3.2. Autograd Walkthrough
Autograd is the runtime bridge between executable model code and gradient based training. The TorchLean version is deliberately close to the PyTorch mental model, but it makes the important objects visible.
PyTorch hides many details behind loss.backward(). TorchLean exposes the pieces:
-
the function or model being differentiated,
-
the input and parameter shapes,
-
the seed for a vector-Jacobian product when one is needed,
-
the gradient tensors returned by the runtime.
3.2.1. A Scalar Function
The smallest case is a scalar valued tensor function.
import NN
open Spec
open Tensor
open NN.Tensor
open NN.API
def sumsq : autograd.fn1.Fn (Shape.Vec 2) Shape.scalar :=
fun x => do
let y ← nn.functional.square x
nn.functional.mean y
def demo : IO Unit := do
let x : Tensor Float (Shape.Vec 2) := tensorND! [2] [0.5, -1.2]
let g ← autograd.fn1.grad (α := Float) sumsq x
IO.println s!"grad = {Spec.pretty g}"
The shape tells us that sumsq consumes a vector of length two and returns a scalar. Because the
output is scalar, autograd.fn1.grad returns a tensor with the same shape as the input.
For this example, the mathematical gradient is:
\nabla_x \operatorname{mean}(x^2) = x
so the returned gradient has the same two coordinates as x.

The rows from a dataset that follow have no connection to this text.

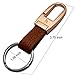 Key Chain, Liangery Luxury Business Zinc Alloy Metal Keychain Key Ring Classic Gift For Man Woman Teenanger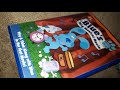 My Blue S Clues VHS And DVD Collection
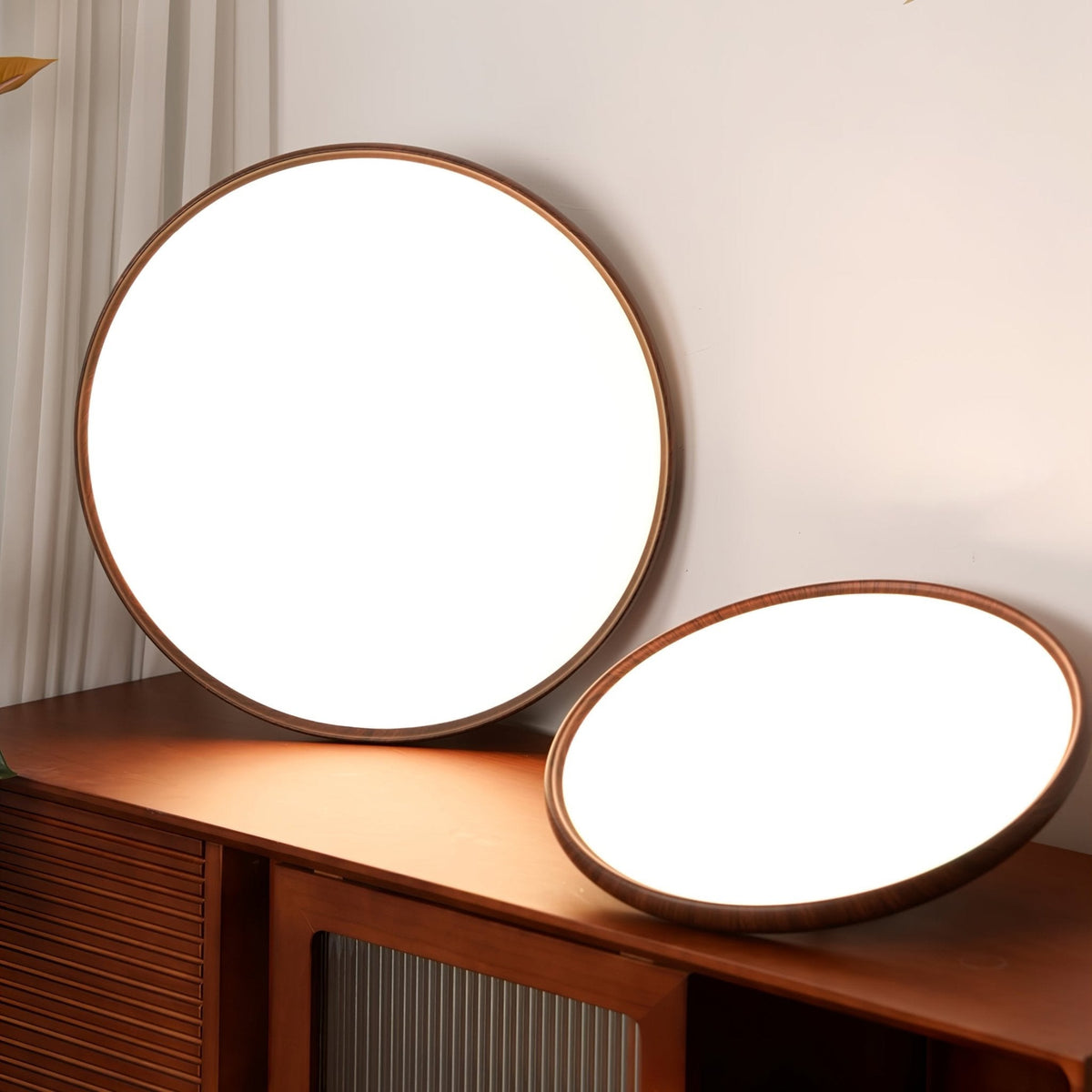 Ralemu lámpara de techo moderna minimalista regulable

3.2.2. Value And Gradient Together
For debugging it is often useful to compute the value and gradient in one call:
let (value, grad) ← autograd.fn1.valueAndGrad (α := Float) sumsq x
This mirrors the common workflow:
y = f(x) dy_dx = grad(y, x)
TorchLean keeps both results ordinary values. There is no hidden .grad field that must be cleared
before the next step.
3.2.3. Vector Outputs Need A Seed
If a function returns a vector, there is not a single gradient until we choose how to combine the output coordinates. A vector-Jacobian product supplies that choice.

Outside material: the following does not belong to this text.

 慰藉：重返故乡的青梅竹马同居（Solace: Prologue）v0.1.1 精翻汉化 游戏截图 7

let dx ← autograd.fn1.vjp (α := Float) f x seedOut
Informally:
\operatorname{vjp}(f,x,\bar y) = J_f(x)^\mathsf{T}\bar y
Here seedOut is the output cotangent. It has the same shape as the output of f, and the returned
tensor has the same shape as x.
This is exactly the operation reverse mode needs. Each local operation sends an output cotangent back to input cotangents; composing those local rules gives the full gradient.
3.2.4. Model Parameters
Training usually differentiates a loss with respect to parameters, not only with respect to an input tensor. The model-level API uses the same idea, but the returned gradient has the same parameter structure as the model.
The usual calls are:
-
autograd.model.gradParamsfor gradients of the loss with respect to parameters, -
autograd.model.gradInputsfor gradients with respect to input and target tensors, -
autograd.model.valueAndGradParamswhen the loss value and parameter gradients are both needed.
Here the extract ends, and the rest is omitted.